Pause. Moon looked Juno straight in the eyes and finally answers, "I'm looking at one right now"

Juno tilt her head in confusion.

 

"Wrong grammar ata, ate. 'I'm looking for one right now' ba ang ibig mong sabihin?"

 

Moon just gave her a shy smile. And Juno seemed satisfied with it. Not overanalyzing the potential meaning behind the older's words.

 

Or

Moon's struggle of loving someone who only sees her as an 'Ate'

Notes:

Plot inspired by one of my Twice One shot stories entitled Have You Seen Someone You Like Yet?
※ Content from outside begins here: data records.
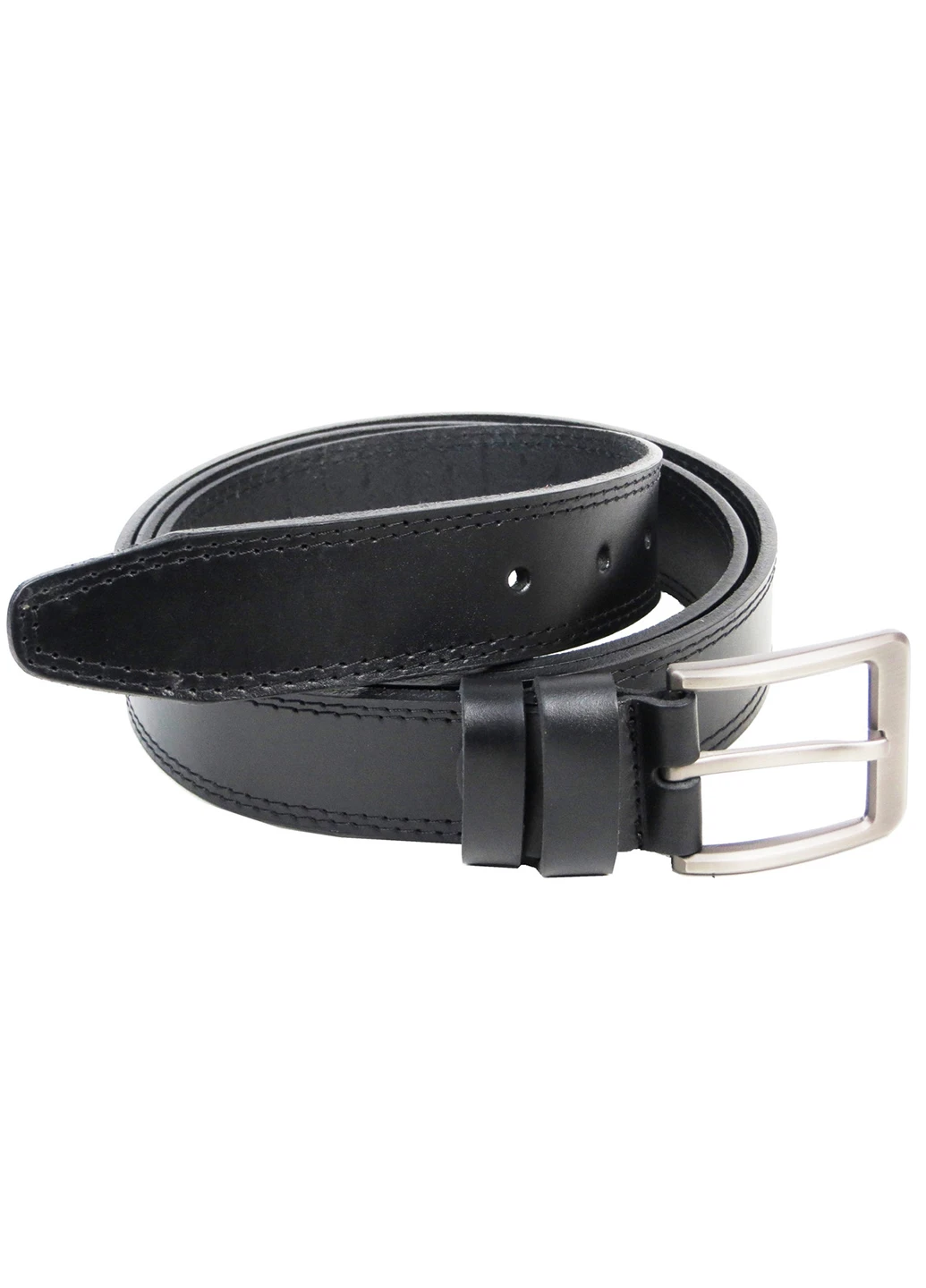Мужской кожаный ремень 130-150х3,8 см Skipper (254595137)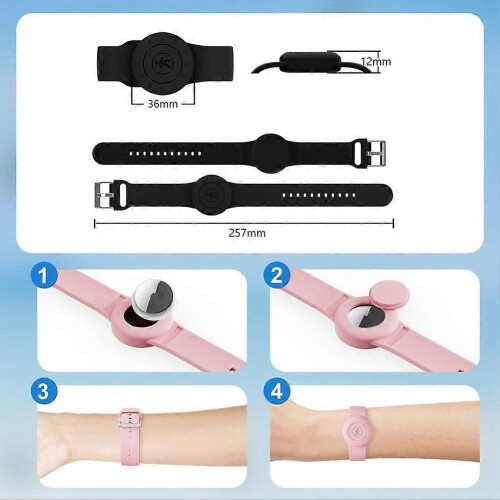 pezzi Braccialetti in silicone impermeabili per bambini con custodia Airtag 2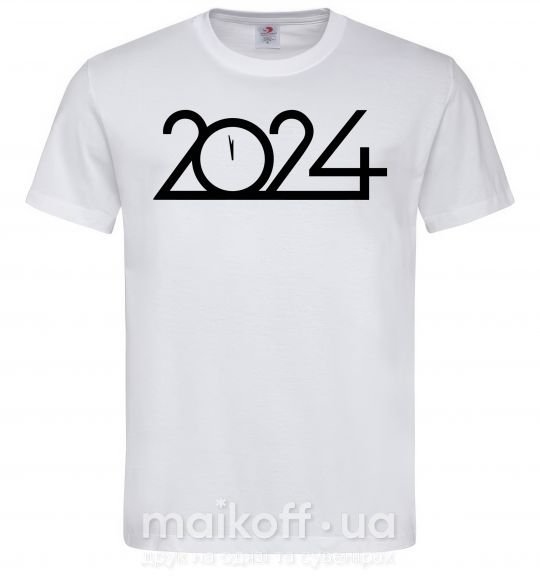 Мужская футболка Напис 2024 рік Белый фото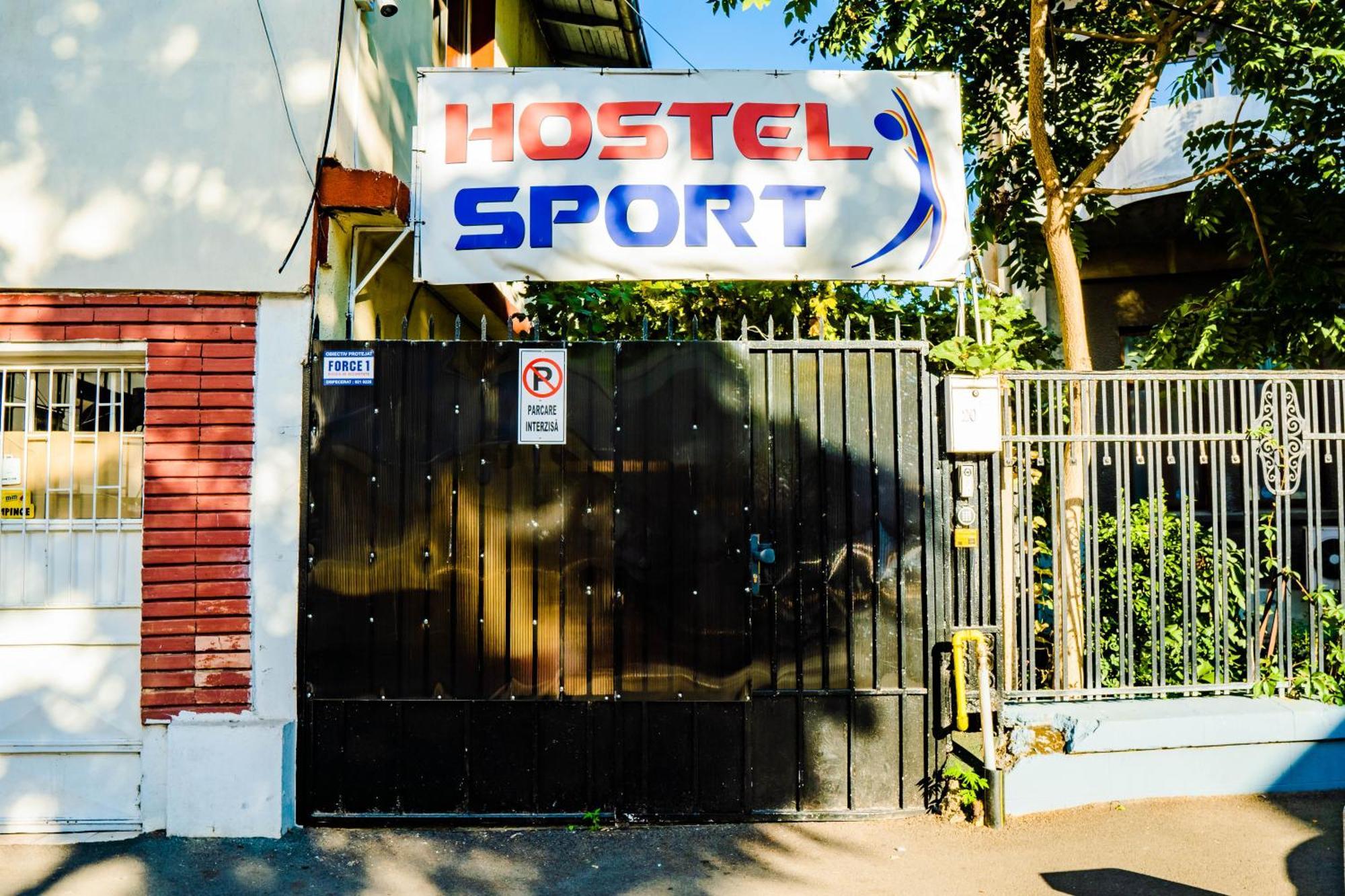 Hostel Sport Bukarest Exterior foto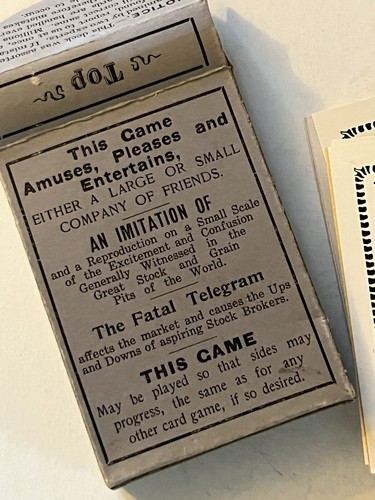 RARE 1800s early 1900s “GAVITTS” STOCK EXCHANGE CARD GAME N.O.S. FULL DECK - Picture 7 of 9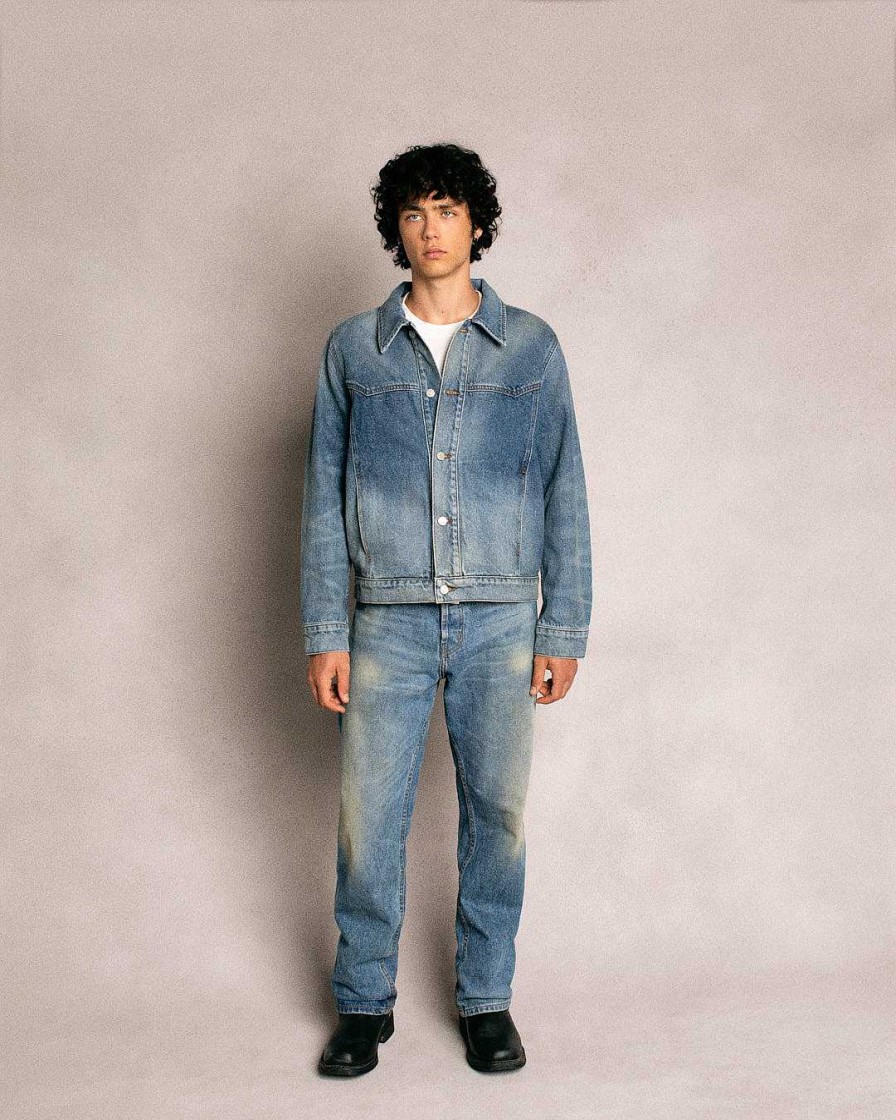 Cherry LA Relaxed 5 Pocket Denim (Indigo) Online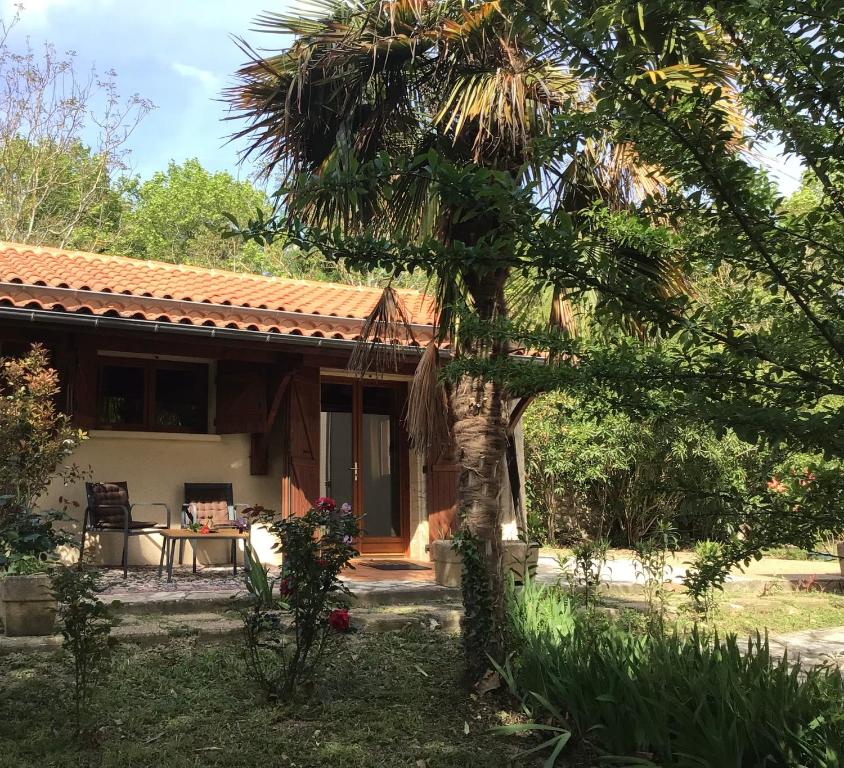 Zahrada ubytování Le gîte de Gascogne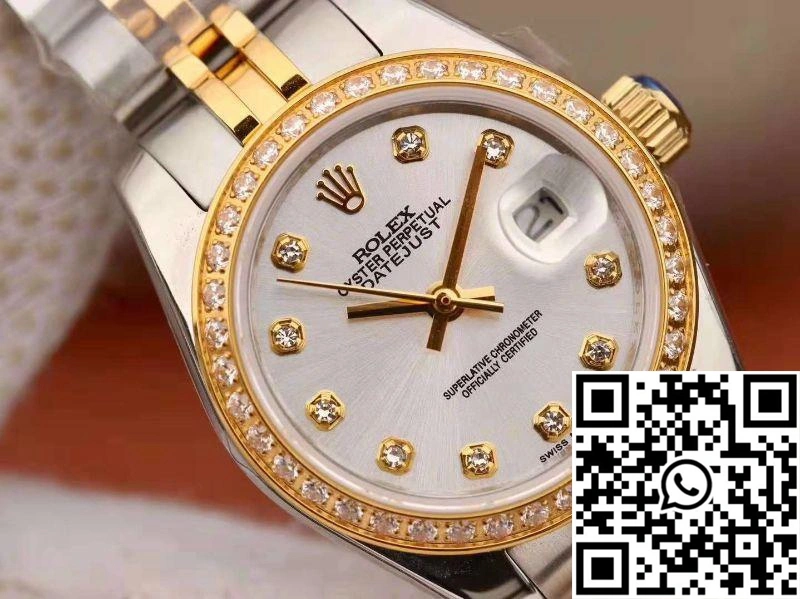 Rolex Lady Datejust 18K Yellow Gold 28MM Silver Dial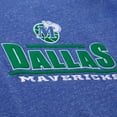 thumbnail image 4 of Men's Mitchell & Ness  Navy Dallas Mavericks Throw It Back Fleece Sweatshirt, 4 of 5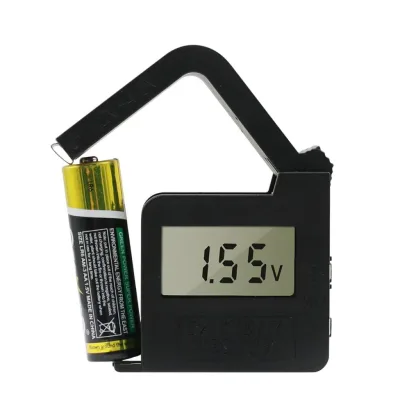 168 Max Battery Checker Button Cell Tester Digital Lithium Battery Capacity Tester Universal Analyzer Display Check for 9V AAA
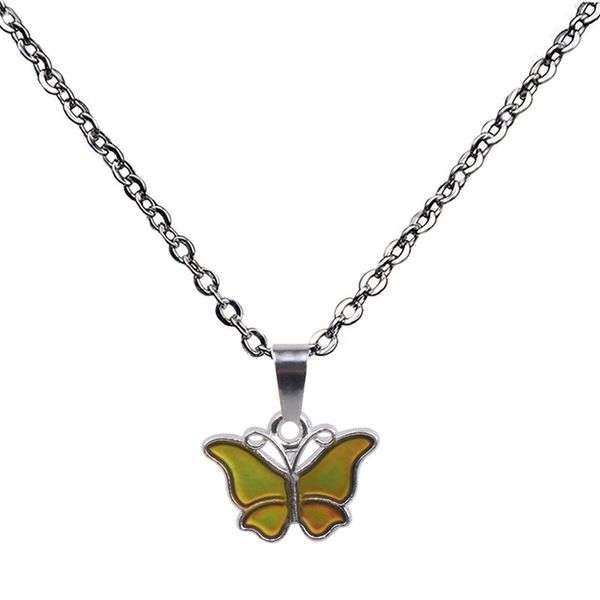pendant necklaces butterfly necklace temperature control color change stainless steel chain jewellery hsj88, Silver
pendant necklaces butterfly necklace temperature control color change stainless steel chain jewellery hsj88, Silver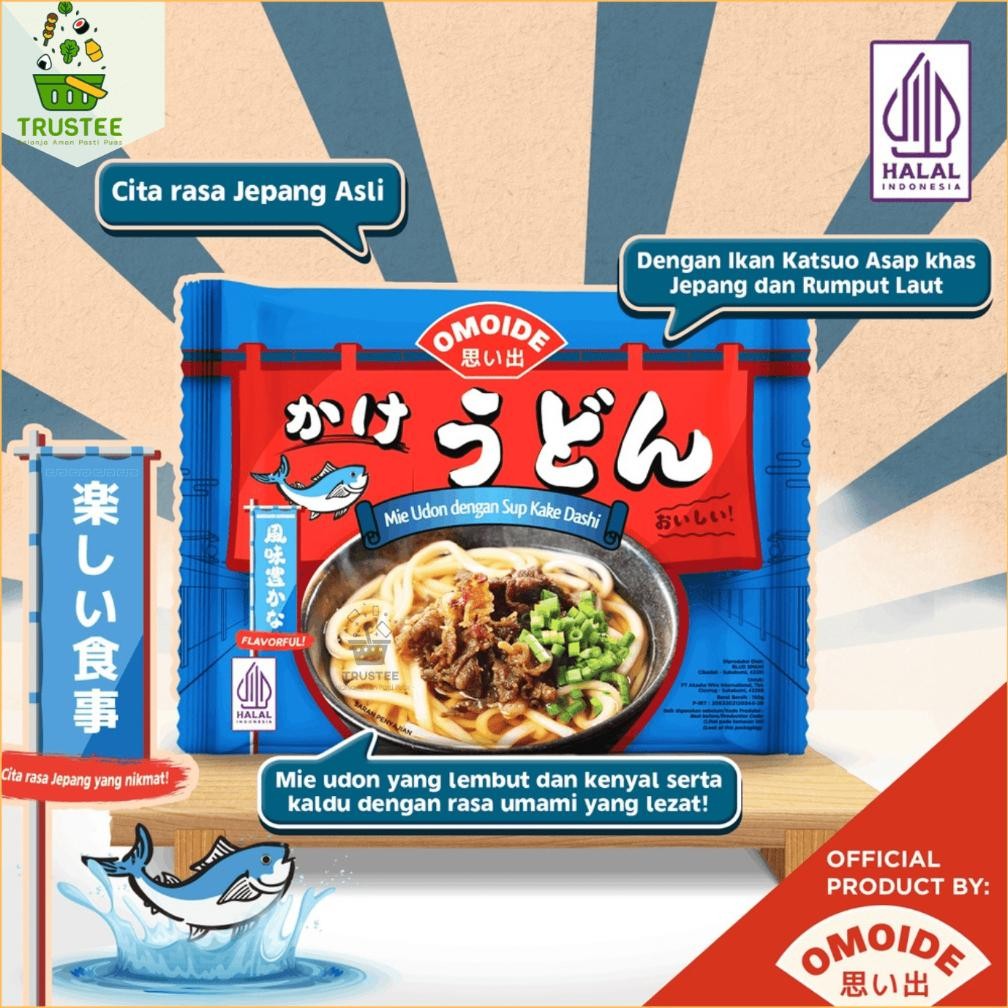 

Df-7 Omoide Kake Udon Mie Udon Instan Sup Kake Dashi Kaldu Ikan Halal 215Gr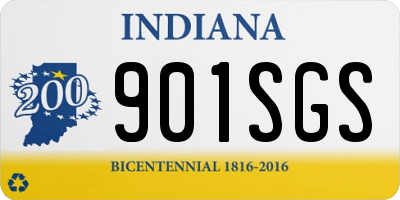 IN license plate 901SGS
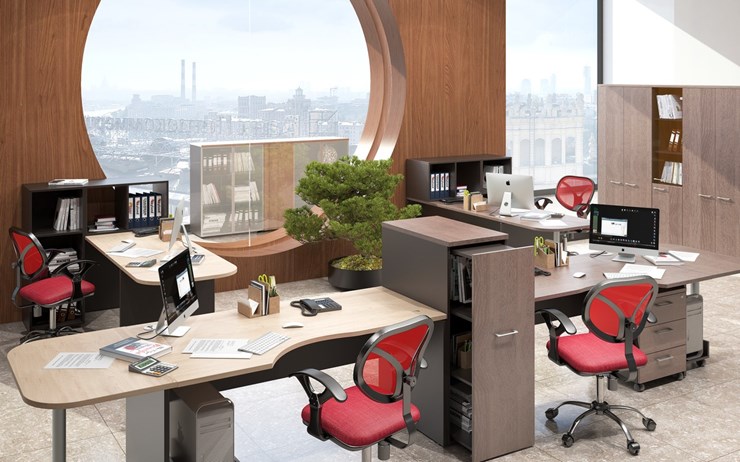 Набор мебели в офис Xten для двух сотрудников с тумбочками в Коврове - изображение 5
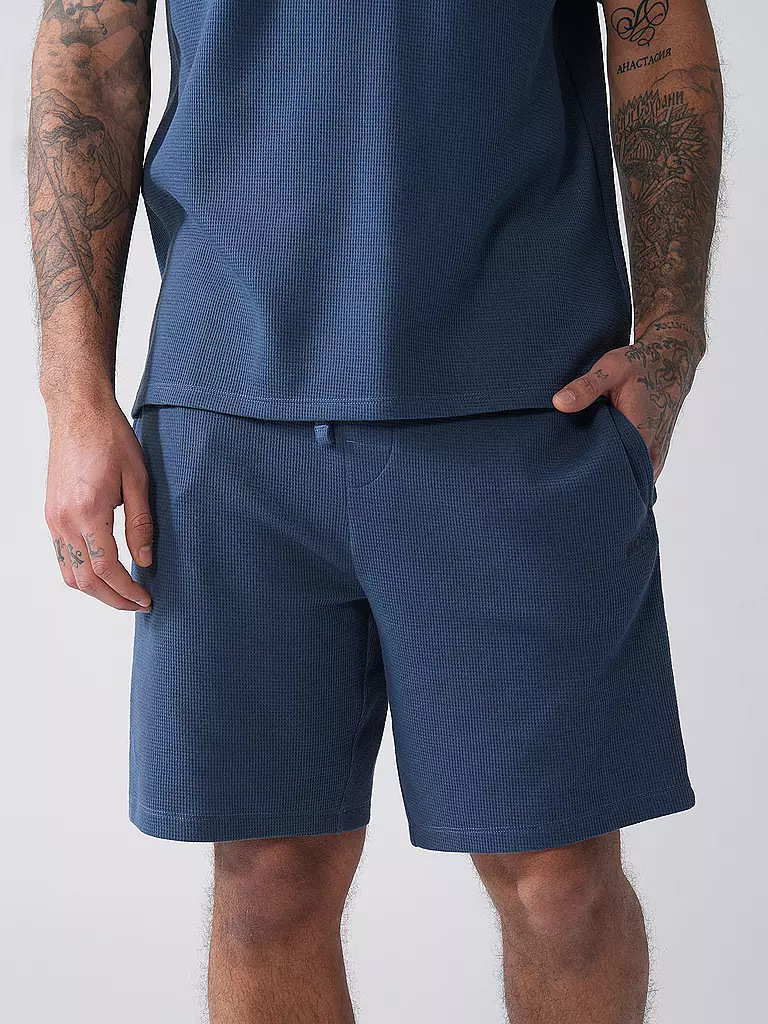 BOSS | Pyjamahose - Shorts | Bleu
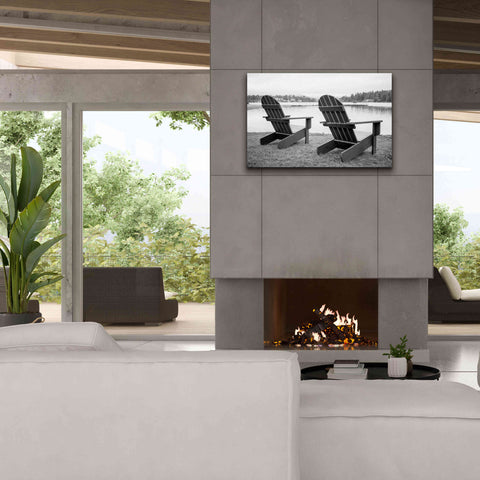 Image of 'Relaxing at the Lake' by Edward M. Fielding, Giclee Canvas Wall Art,40x26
Chapter 1: Almost Got the Cat Out of the Bag Over a Fried Rice and Sinigang

Chapter Text

Four years ago

Room 314, Dormitory C

August

 

It started with a suitcase that wouldn't roll properly and a girl who looked one minor inconvenience away from crying.

 

Moon was already inside the dorm room, unpacking her things in calm, methodical ways. Folded socks. Toothbrush. Pinned polaroids. Everything is well-placed in her designated room.

 

Then she heard the main door creaked open. Moon immediately come out to the Living Area, and in came Juno Requiza — grumpy, slightly damp from the drizzle, and clearly not used to carrying her own bags.

 

mukha syang basang chicken little. Lalo na with her big eye glasses

 

“Oh my god,” the girl muttered. “This bag is cursed.”

 

Moon looked up, blinked, then grinned. “Hi.”

 

Juno froze. Then awkwardly bowed her head like she’d just entered a shrine. “Uh—hi po. Sorry.”

 

Moon laughed softly. “No need for ‘po.’ Hindi naman nagkakalayo ang edad natin.”

 

Juno stood there, still clutching her cursed suitcase, cheeks starting to flush.

 

Moon took a few steps forward and gently took the bag from her. “I’m Moon, by the way. Moon Ravien. This must be your first time dorming?”

 

Juno nodded, a little too fast. “I’m Juno. Requiza. Uh, yes. First time. Ever.”

 

“Cool,” Moon said, already dragging the suitcase in like it weighed nothing. “Then you’re in luck. I am an excellent roommate-slash-life coach.”

 

Juno smiled, just barely. She was already starting to look like a kid who had no idea what to do with her hands.

 

The first few weeks passed like soft static.

 

Juno was quiet, a little shy, but not rude. She liked reading by the window, underlining random words in her textbooks like kinetic and displacement even when they weren’t important.

 

Moon, on the other hand, filled the space — with late-night kwento, post-it reminders on the fridge, and random trivia about how you shouldn’t refrigerate tomatoes. She buzzed around like a multitasking worrywart.

 

But she saw Juno — in her awkward silences, her stiff attempts at folding laundry, the way she’d wait for Moon to start eating before taking her first bite.

 

So, one Sunday, Moon said casually:

 

“Hey. Do you want me to teach you how to cook?”

 

Juno blinked. “Like... from scratch?”

 

Moon grinned. “From point to scratch, from scratch to wound, and from wound to scar, yes.”

 

That afternoon, Juno peeled vegetables slowly, sliced tomatoes like they were glass, while Moon squinted at the kangkong bald out of leaves due to the younger's doing.

 

"Oks lang 'yan, tangkay lang naman gusto ko sa kangkong" she consoles Juno.

 

Moon stood beside her, pointing and correcting her hands, lightly guiding her grip on the knife as they cut the radish, garlic, and onion.

 

“‘Wag ka matakot sa sibuyas,” Moon said. “You’re stronger than tears.”

 

Juno sniffed and occasionally wipes the tears behind her glasses— a continuous sniffing sound that Moon felt somewhere in her ribs.

 

Later, when all is prepared. Moon left her for a while to tend to her forgotten tasks. Juno knocked once and called for her.

 

"Ate Moon, pwede mo tikman kung okay na?"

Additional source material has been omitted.